Esther is a book of the Bible that never names the name of God. God is not even mentioned in person; however the work, power and presence of God is clearly seen by those who have the eyes to see it. There are many times in Christian life where it feels as though God is nowhere to be found; and all we have to go on is faith.
I have heard the term “Providence”, and usually speaking of the work of God in the events of mankind. Well, if there is a Biblical case for providence, then, it can certainly be seen throughout the book of Esther.
Let me give you a list of the characters in Esther. First there is the king, Ahasuerus, “Xerxes” in newer translations; there is the queen who is not in the story very long, but plays a prominent part in the development of the story; there is Mordecai – a Jewish captive from Jerusalem; there is Haman – an Agagite; and then there is Esther – who will be queen.
One thing that can be seen by this event in the story of Israel, its captivity, and return is that even though we may mess up, sin, and seemingly ruin our lives through disobedience we do not thwart the plan and will of God. That can be seen in the story of Esther as well.
Let us first find out about Haman – the Agagite. Haman was a descendant of Agag whom king Saul of Israel was disobedient to God in letting him live. Samuel eventually kills Agag (1 Samuel 15). For many centuries this hatred for the Jewish people had been stewing in the hearts of the family of Agag; and in this story it came to fruition. Haman had it in his heart to rid the Persian Empire and the world of the Jewish people.
Though God is not mentioned; He had another plan. God’s plan was to bring the children of Israel back to their Promised land; so that the Messiah and Savior of the world would one day come, and die for our sins.
Haman sets a course of action after his appointment as prominent leader in Persia. All others were to bow to him; however Mordecai would not bow to him. Mordecai knew who Haman was, and saw his heart. Mordecai had also overheard a plot to assassinate the king, revealed it and the perpetrators were hanged (2:21-23).

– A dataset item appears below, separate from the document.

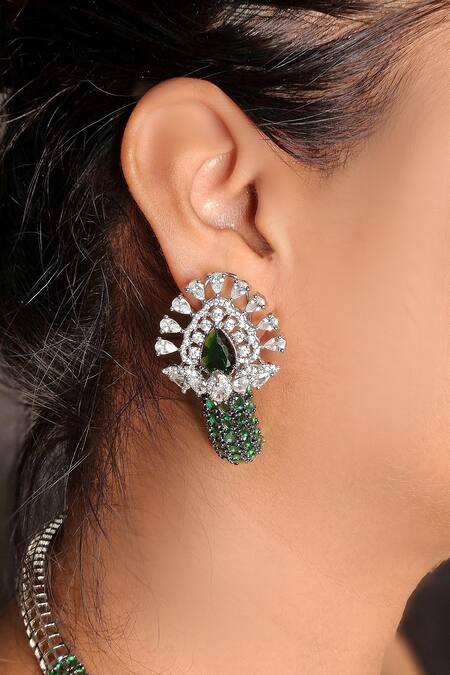 Shop_Kavipushp_Green Stones, Crystals Royal Sapphire Bliss Necklace Set _Online_at_Aza_Fashions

One verse that stands out in the book of Esther is one that is well known to many of us –
“For if thou altogether holdest thy peace at this time, then shall there enlargement and deliverance arise to the Jews from another place; but thou and thy father’s house shall be destroyed: and who knoweth whether thou art come to the kingdom for such a time as this?” Esther 4:14 (KJV)
This occurs following the murderous plot of Haman to exterminate the Jewish people. It is not yet known that Esther is Jewish, and Mordecai, as the uncle of Esther, is telling her that it is time to reveal the truth of her identity, for the salvation of her people. Mordecai is asking Esther to enter the throne area of the royal house without invitation, and that in the Persian courts could be deadly, meaning immediate and sudden death, if the king did not recognize the one entering by holding out his scepter (4:11); and after three days of fasting she enters the throne room, and the king holds out the scepter (5:1-2).
The night before the banquet of Esther the king cannot sleep remembering what Mordecai had done saving his life from the plot of the two who were hanged for their assassination attempt. Haman’s plot is known by the king, he has even given him the authority to send the message with the kings signet ring seal on the documents authorizing its execution. The following day, however, Haman is put to humility by walking Mordecai around the streets of Jerusalem, exalting him for the great deed he has done in exposing the plat of assassination. Haman probably realizes by now that “his goose is cooked”.
It becomes even more apparent when Esther reveals it to the king at the banquet. Haman has built a gallows on which to have Mordecai hanged; and finds himself hanging on the device of his own imagination.
God, though not named, is also a prominent presence in the book. His hand of Providence is seen, in the elevation of Esther, a Jew, to the seat of the queen of Persia; the man despised by the Agagite is exalted to the Agagites position after his plot is foiled. God’s people do return to Jerusalem; and the Messiah is born, dies on the cross for the sins of the world, is buried, and rises bodily from the grave conquering sin, hell and death.
Jesus Christ the Son of the Living God ever lives; that those who trust in Him might live too.
Christian take note of the Providence of God; even when you do not think He is present and working; take another look.